This year 2021 has continued to be marked by the computer component crisis, which has also resulted in the absence of new generation consoles in stores for the second consecutive Christmas. However, the shortage of microchips has been in our lives for four to five years. And it is that the subject of the electronic mining It had already turned the graphics card market upside down back in 2017.
For the first time, it was companies and not individuals who were getting GPUs AMD Radeon and Nvidia GeForce to dedicate to the professional mining of altcoins. They began to fill industrial buildings and, although the market had a respite in 2019, the production stop that the sector suffered during the pandemic has ended up destroying the market. While Nvidia and AMD make plans to design cards that are solely for mining (and thus miners do not influence the player market), other users have started looking other types of hardware to engage in mining.
The gold rush is now the silicon rush
By now in the movie, you probably know that any electronic device can be used to mine cryptocurrencies. From a Bitmain ASIC, specifically designed to create hashes of the Bitcoin algorithm and be extremely efficient, to the processor of any smart appliance you have at home.

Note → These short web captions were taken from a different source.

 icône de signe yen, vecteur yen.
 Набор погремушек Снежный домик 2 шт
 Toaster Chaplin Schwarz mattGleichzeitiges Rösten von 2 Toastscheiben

In most cases, electronic mining consume more money in the form of energy than the return you get in the form of a reward from the blockchain. However, many programmers enjoy creating these types of programs for ordinary devices. As much to feed your curiosity as to give you a random chance. And it is that, no matter how powerful the device with which you carry out the work test is, there will always be a tiny possibility that your machine will end up solving a block, that is, to collect the reward. In fact, a few years ago, Bitmain itself was selling the Antrouter R1, which was an ordinary router with a specific little processor that worked like a ‘Bitcoin lottery’.
Can you mine with a Game Boy?
Something like this has created the youtuber Stackmashing, who has used the classic Game boy to turn it into a bitcoin miner. To do this, he has used a Flash card to upload the software to the console. And secondly, you have connected the Cable Link to a Raspberry Pi Pico, which gives the Game Boy connectivity features that it never had originally. Thanks to this curious invention, the console can connect to other Bitcoin nodes, check the integrity of the new blocks and generate new hashes to try to solve the next block in the chain of Satoshi Nakamoto’s cryptocurrency.

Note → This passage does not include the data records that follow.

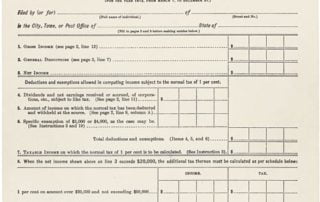 Income Tax and Genealogy
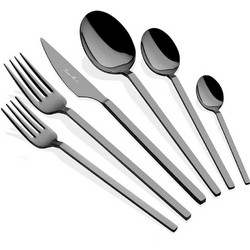 Μαχαιροπίρουνα Carre Titanium (Σετ 36Τμχ) 645DRM1234 Black Hermia 36 τμχ Ανοξείδωτο Ατσάλι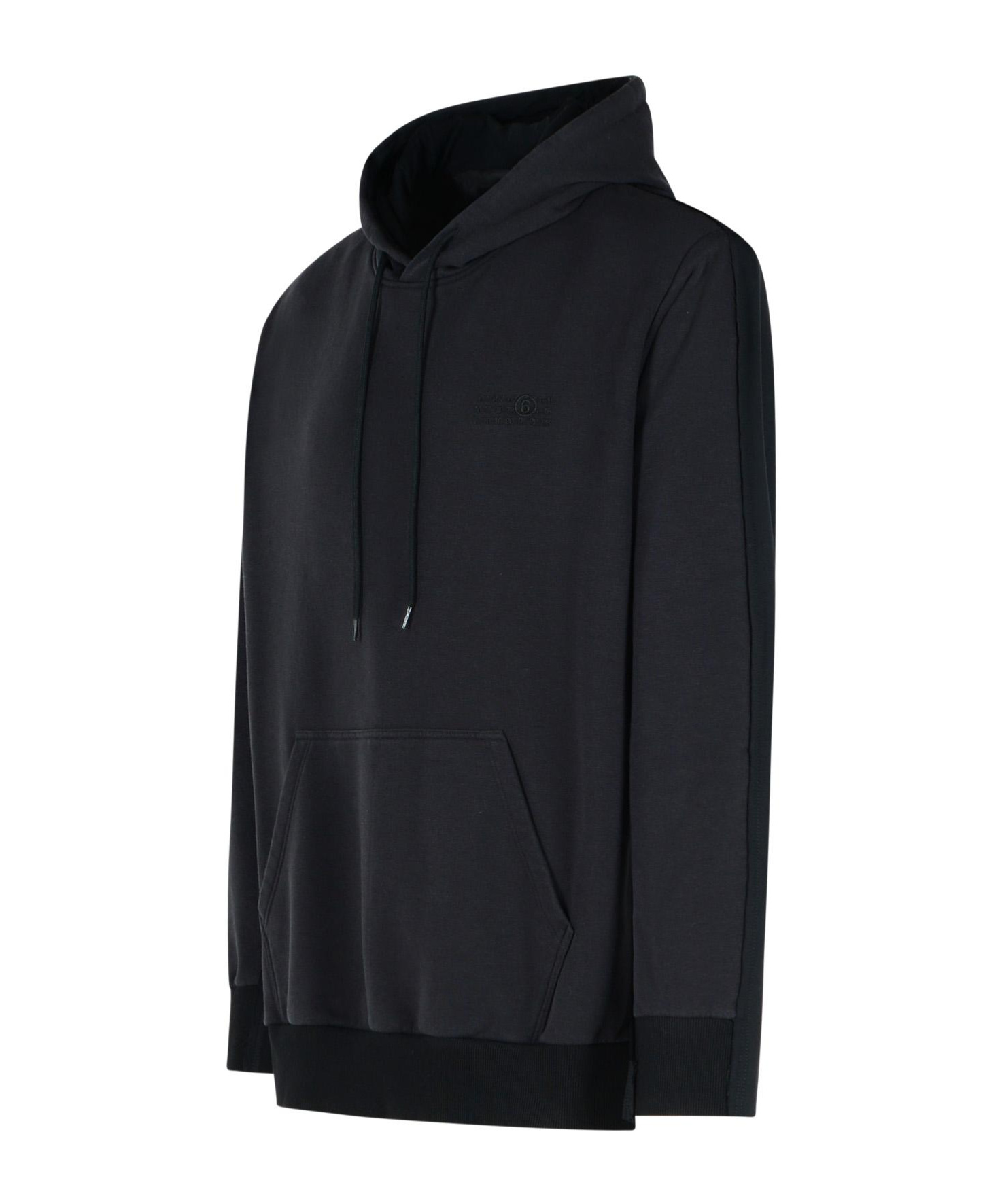 Mm6 Maison Margiela Numbers-motif Hoodie In Black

But … is it good for anything?
If you are wondering if it is useful to mine with this hardware, we already anticipate that it is not. The console is capable of processing 0.8 hashes per secondwhereas any modern ASIC can average 100 Terahashes in the same chunk of time. According to the creator of the video, it is possible that when the Game Boy manages to solve a block, it will be a few quadrillion years.
However, the experiment. If many more people are entertaining themselves doing projects like this, we will soon be able to buy graphics cards in our trusted store without having to leave a kidney trying.